中所氏は、賢治が臨死体験の後、異界が見えるようになり、終生その苦しみを抱えて生きたという仮説から『光の素足』を通して賢治の根源に迫ろうとしている。

原作『ひかりの素足』において吹雪の中で死の世界を体験し一人生還した一郎は、弟の喪失の哀しみ、生還者の罪悪感、一般の人々には見えない異界が見えてしまうという苦悩の中にある。そこへ現れた光の素足。一郎は光の素足との対話、そして連舞によって救済される。

しかし実は光の素足は賢治自身が綴った言葉に宿る力である。すなわち彼の苦悩は自ら著した言葉によって昇華されるのである。中所氏は一郎(現身の賢治)を、シテである光の素足(賢治の言葉=賢治の魂)のツレとして相舞わせることで描こうとしたのではないか。

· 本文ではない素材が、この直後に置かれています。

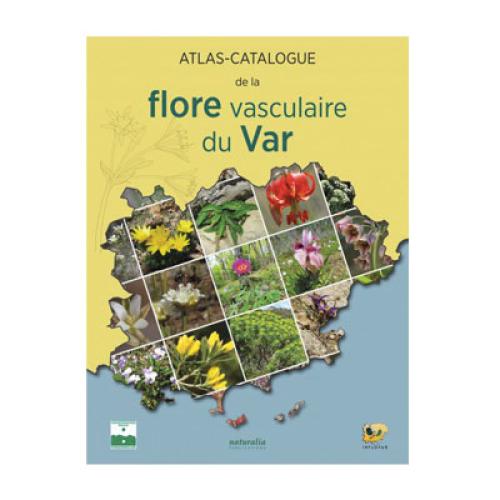 vignette-atlas.jpg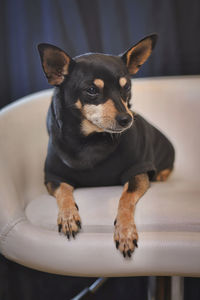 Portrait of dog resting on sofa at home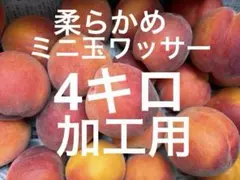 早生ワッサー超小玉　加工用　4キロ以内のサムネイル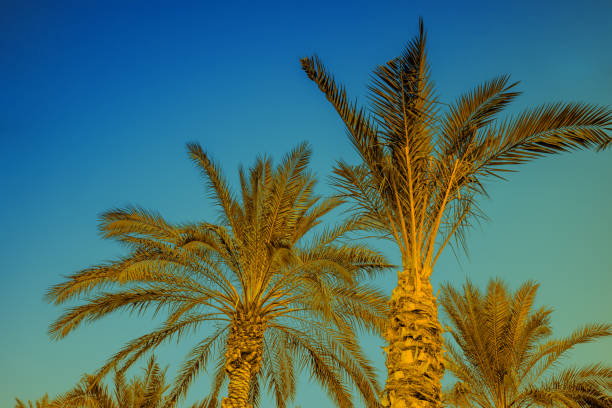 istock Palm tops against a clear blue sky 1457871699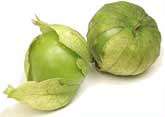 Tomatillo 01 cropped image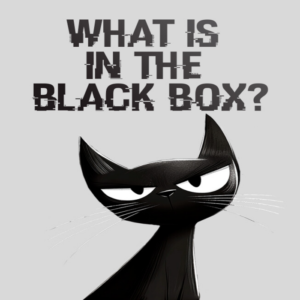 What is in the Black Box? PC Steam CD Key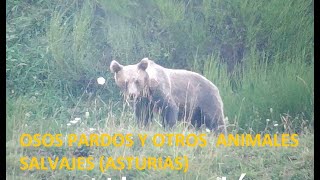 Varios osos pardos y otros muchos animales en estado salvaje Asturias verano 2024 [upl. by Alidis479]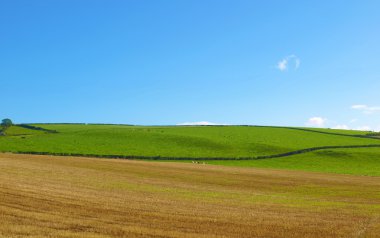 Cardross hill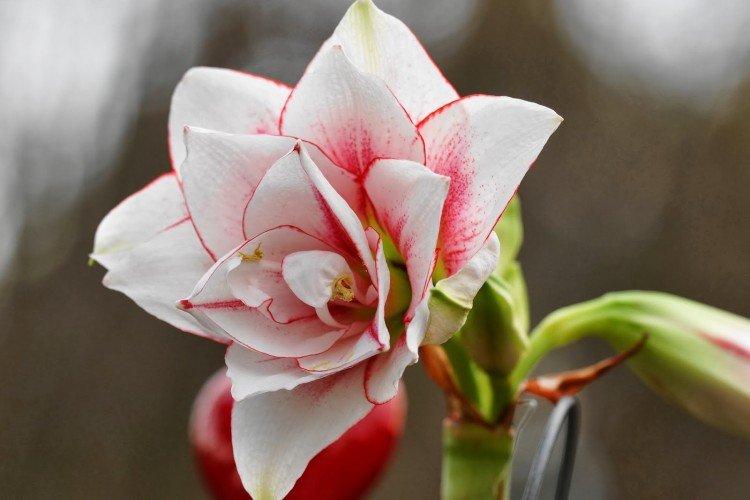 Amaryllis - foto Amaryllis - foto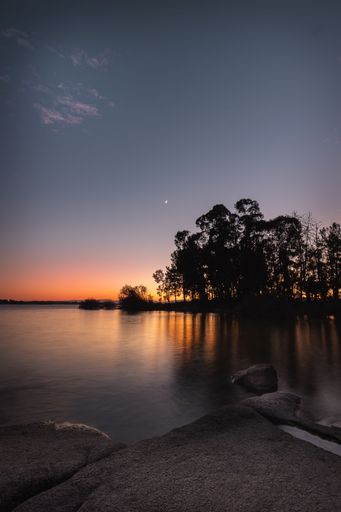 A vertical shot of a waterscape during sunset with trees and a beautiful skyline in the background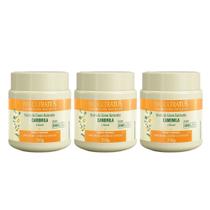 Kit 3 Máscara de Hidratação Capilar Camomila Girassol Banho de Creme Iluminador 250g Bio Extratus Kit 3 Máscara de Hidratação Capilar Camomila Girassol Banho de Creme Iluminador 250g Bio Extratus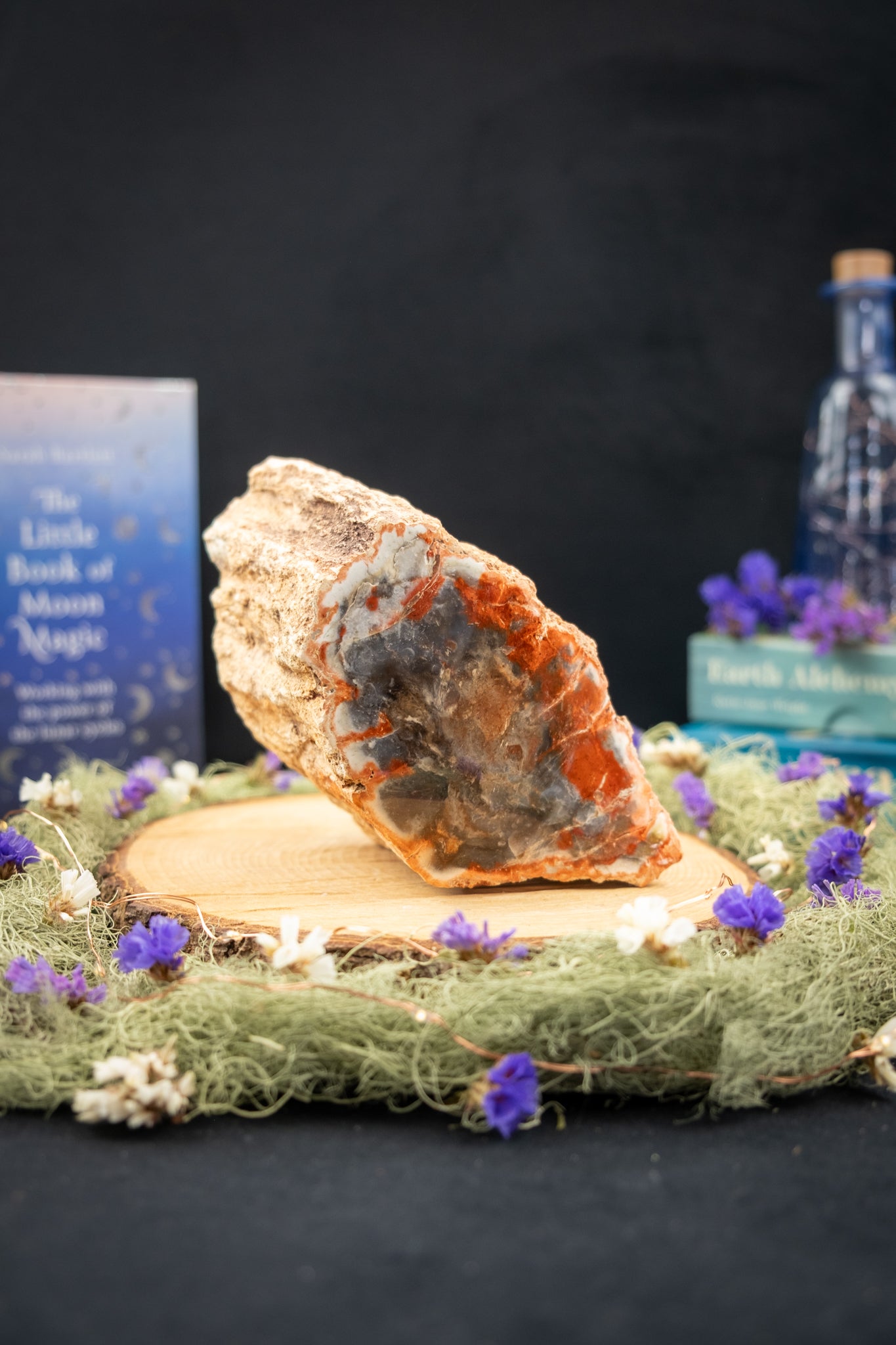 Petrified Wood Freeform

中所氏の舞台は見事であった。最初の一声と立姿だけで能楽堂全体の気を統一する。謡、言葉、姿勢、所作、型、衣の揺らめき。和する笛や鼓や地謡。すべてが総合的に人々の心を掴み揺り動かす。氏は極限まで削ぎ落とした動きと静止とを演ずることで賢治の言葉の世界、賢治の魂を具現していた。

能の抑制された所作は身体を捨て去ることで完成される。しかしそのためには逆に高度な身体性が必要となる。この逆説的な抑制は俳句の沈黙性に通じるところがある。高度な省略こそは物言わぬ饒舌なのである。